Linking Remote Sensing and Ecological Modelling

Canopy photo and LiDAR scene
Photograph of a flight campaign and a LiDAR scene across the Hainich National Park. Photo: Stephan Getzin

The target of this research topic is the development of new methods for the calculation of vegetation attributes by using remote sensing systems. The outcome should contribute to continuous coverage mapping of aboveground carbon stocks and other attributes in vegetation and their dynamics. The most important goal is gaining a better understanding of the following scientific questions:

  • How can we obtain important forest attributes (aboveground biomass, leaf area, productivity, mortality, carbon fluxes) from remote sensing?
  • How can we use forest parameters derived from remote sensing to quantify disturbance type and disturbance intensity in forests?
  • Is it possible to derive relationships which relate forest structure parameters as derived by remote sensing to local tree species richness?
  • How can we couple local dynamic forest models and forest models with satellite data and how can we use satellite data to parameterise forest models?

Forest growth simulations serve as an important tool to explore these questions. With forest models like FORMIND (www.formind.org) large datasets of virtual forest inventories can be generated, which thereafter can be systematically screened for the above mentioned research questions.

LiDAR model
Visualization of the remote sensing simulation model (here LiDAR) developed in the department for ecological modelling. a) Visualization of a simulated forest stand by the forest model FORMIND b) voxel representation of the same forest stand with colors indicating the probability to contain a LiDAR return, depending on the count of tree voxels above each voxel c) simulated LiDAR point cloud with colors indicating height above ground.

We work with different types of remote sensing data (such as opitcal data, LiDAR and Radar) in different projects. Three examples:

  • The large Helmholtz project “3D-ABC - Global carbon budget for vegetation and soils belongs” belongs to the Helmholtz Foundation Model Initiative (start June 2024, four Helmholtz Centres). It aims to derive novel maps for forest biomass, soil carbon and forest productivity using advanced AI techniques by combining different types of remote sensing measurements (e.g. Tandem-X, Sentinel 1 and 2, GEDI, airborne Lidar).Especially the project aims to integrate and use forest structure parameters derived from radar remote sensing techniques (Tandem-X).
    drone
    Scanning grasslands and forests with an unmanned aerial vehicle.
  • Another project investigates the applicability of unmanned aerial vehicles in the field of ecology.
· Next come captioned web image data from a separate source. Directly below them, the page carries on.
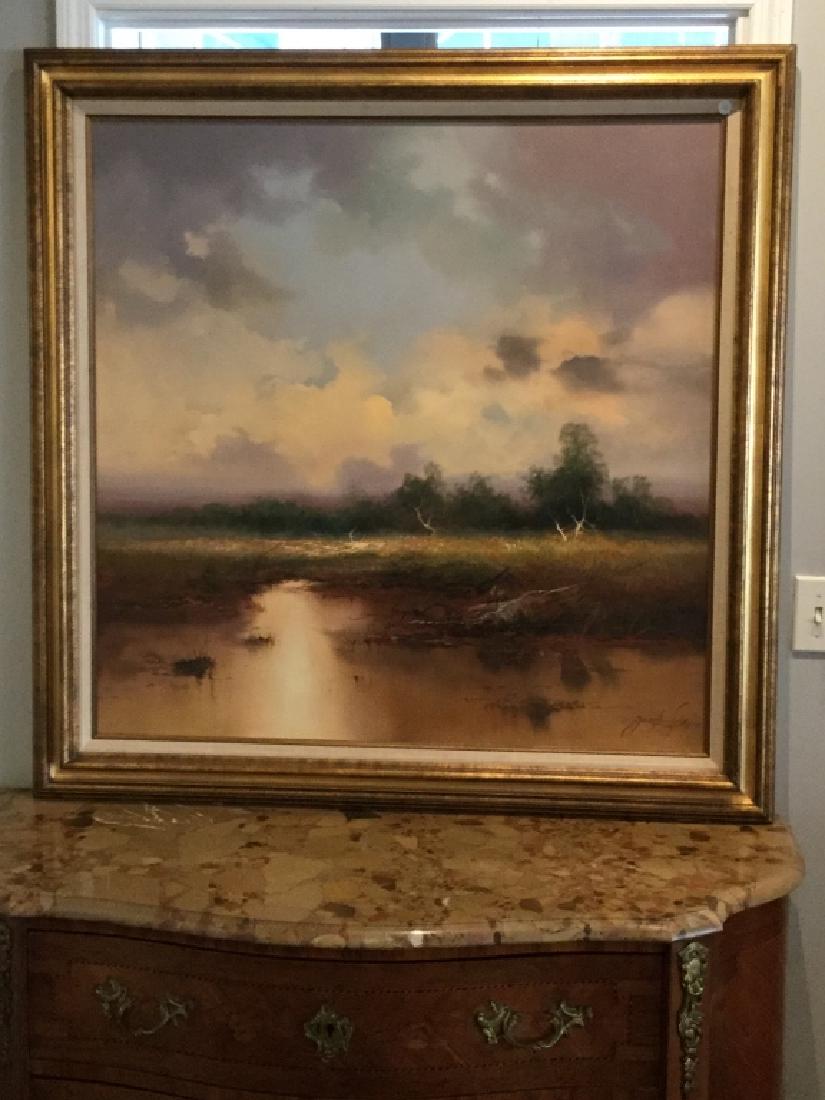 ARTIST SIGNED HIGHWAYMEN STYLE MARSH PAINTING (1 of 6)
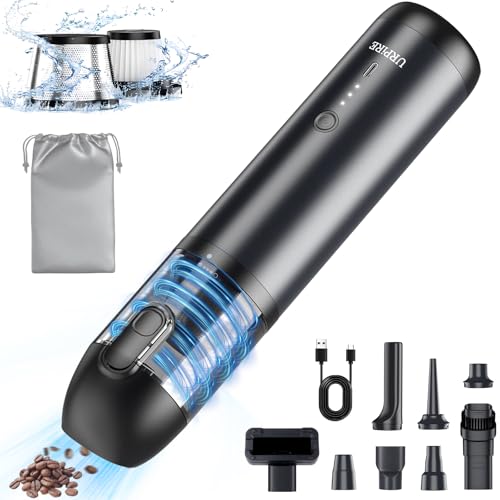 URPiRE Car Vacuum Cleaner-18000PA High Power,Rechargeable Handheld Vacuum Cleaner,Single Touch Empty, Type-C Fast Charging,3 in 1 Mini Blower Inflator Pump Vacuum Cleaner for Car,Home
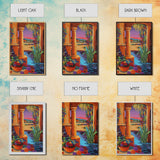 Desert Garden View, Vibrant Sunset Patio, Mexican Courtyard Scene, Framed Canvas Print, Colorful Patio Art, Kitchen Wall Art, Boho Decor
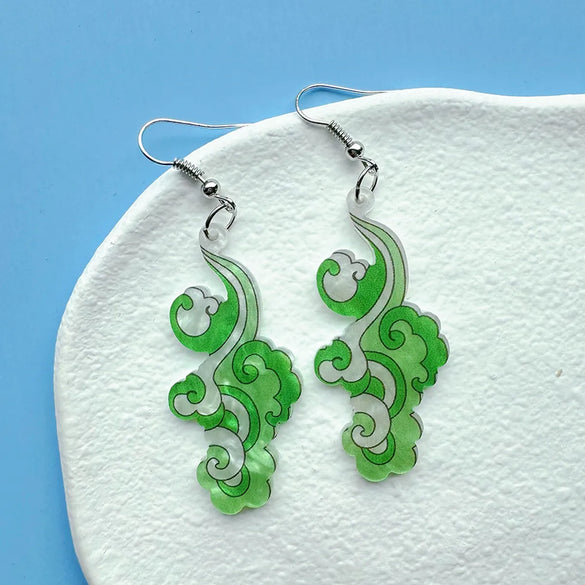 1 Pair Vacation Sweet Clouds Geometric Shell Irregular Printing Polishing Arylic Drop Earrings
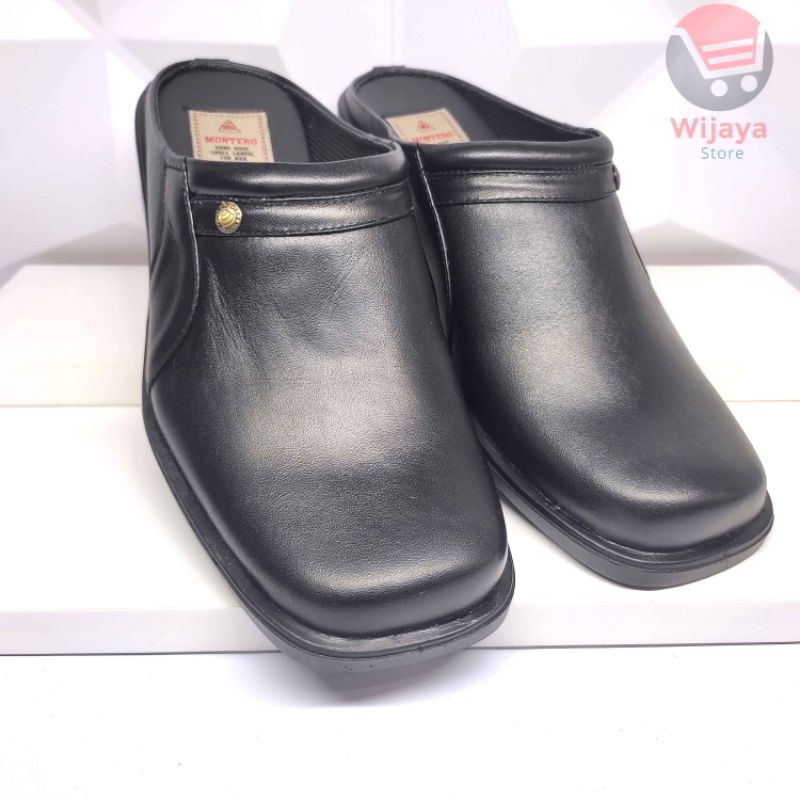 Sandal Pria Montero Sepatu Sendal Kulit Asli Slop Formal untuk Pria Laki-Laki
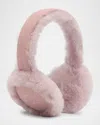 Ugg Embroidered Logo Shearling Earmuffs In Ashen Rose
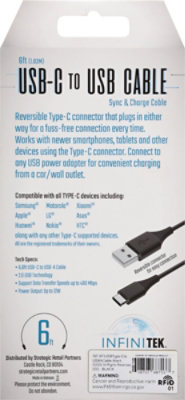 INF USB Type C TOUSBA 6ft Cable Black - Each - Image 3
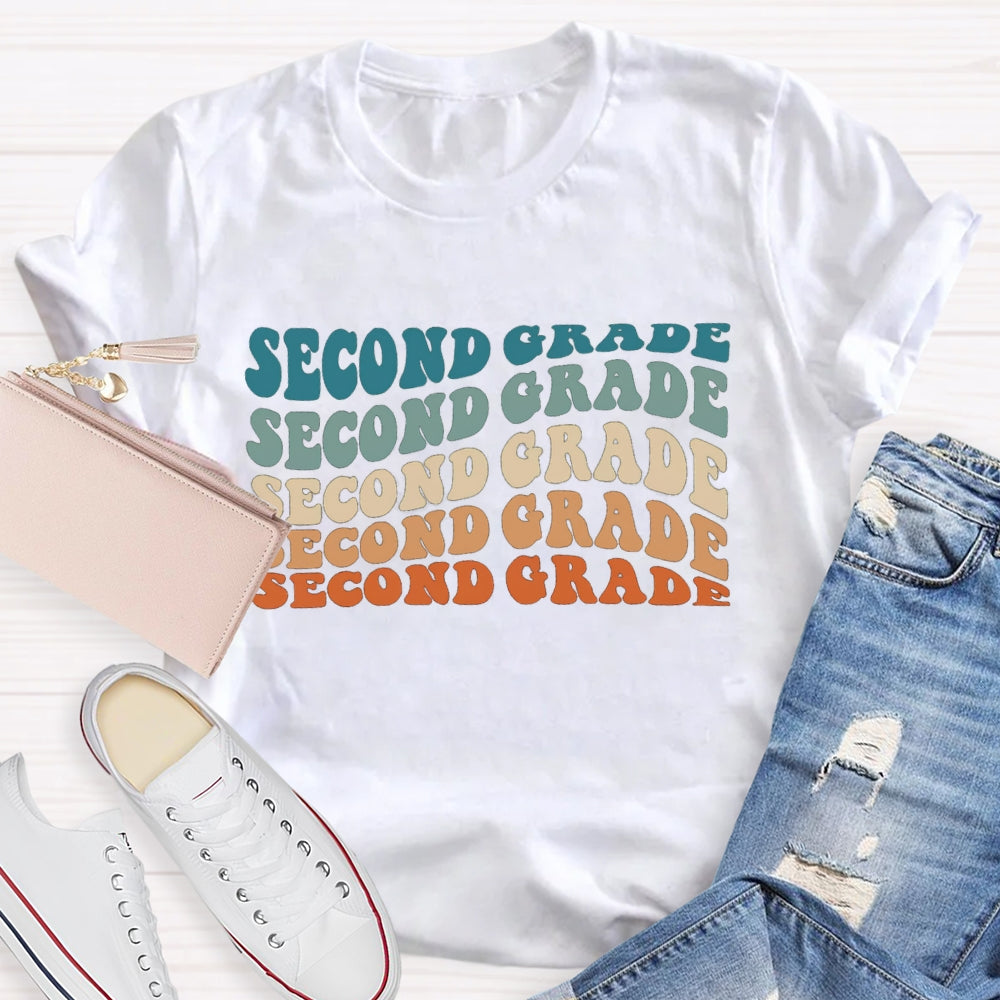 Personalized Grade Second Grade Colorful Letter Teacher T-shirt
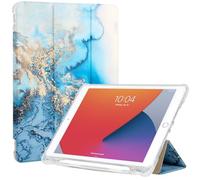 ProtUTab Funda Compatible con iPad 10.2 2021/2020/2019, Funda Delgada con Soporte Triple Plegable Compatible con iPad de 7ª/8ª/9ª generación con Soporte para lápices, TPU Ligero, mármol Azul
The unmanned aerial vehicle of the OESA department is a quadcopter. This drone has four different sensors: a 24-megapixel RGB camera, a multispectral and a thermal camera, as well as a LiDAR that can be used for 3D-laserscanning of vegetation or other objects. With these sensors, the drone can be used for e.g. acquiring high-resolution images of forests, measuring tree heights based on LiDAR or extracting the NDVI index for the forest canopy.
Brazilian Forest Fragments
Forest fragments of the Brazilian Atlantic Forest in the North-East of Brazil, surround by sugar cane plantations. Photo: Mateus de Dantas de Paula

We also use satellite images to analyze forest fragmentation for whole continents (at high spatial resolution, e.g. for the tropics). Because of deforestation in the Amazonl, significantly more carbon has been lost than was previously assumed. To estimate additional carbon emissions at the forest edges, we developed a new approach that integrates results from remote sensing, ecology and forest modelling. The effect of degradation has been underestimated in fragmented forest areas, since it was not possible before to calculate the loss of biomass at forest edges and the higher emission of carbon dioxide.

Selected Publications

  • Köhler, P., Huth, A., (2010):
    Towards ground-truthing of spaceborne estimates of above-ground life biomass and leaf area index in tropical rain forests
    Biogeosciences 7 (8), 2531 - 2543
    Volltext (PDF)
  • Pütz, S., Groeneveld, J., Henle, K., Knogge, C., Martensen, A.C., Metz, M., Metzger, J.P., Ribeiro, M.C., Dantas de Paula, M., Huth, A., (2014):
    Long-term carbon loss in fragmented Neotropical forests
    Nat. Commun. 5 , art. 5037
    Volltext (PDF)
  • Shugart, H.H., Asner, G.P., Fischer, R., Huth, A., Knapp, N., Le Toan, T., Shuman, J.K., (2015):
    Computer and remote-sensing infrastructure to enhance large-scale testing of individual-based forest models
    Front. Ecol. Environ. 13 (9), 503 - 511
    Volltext (PDF)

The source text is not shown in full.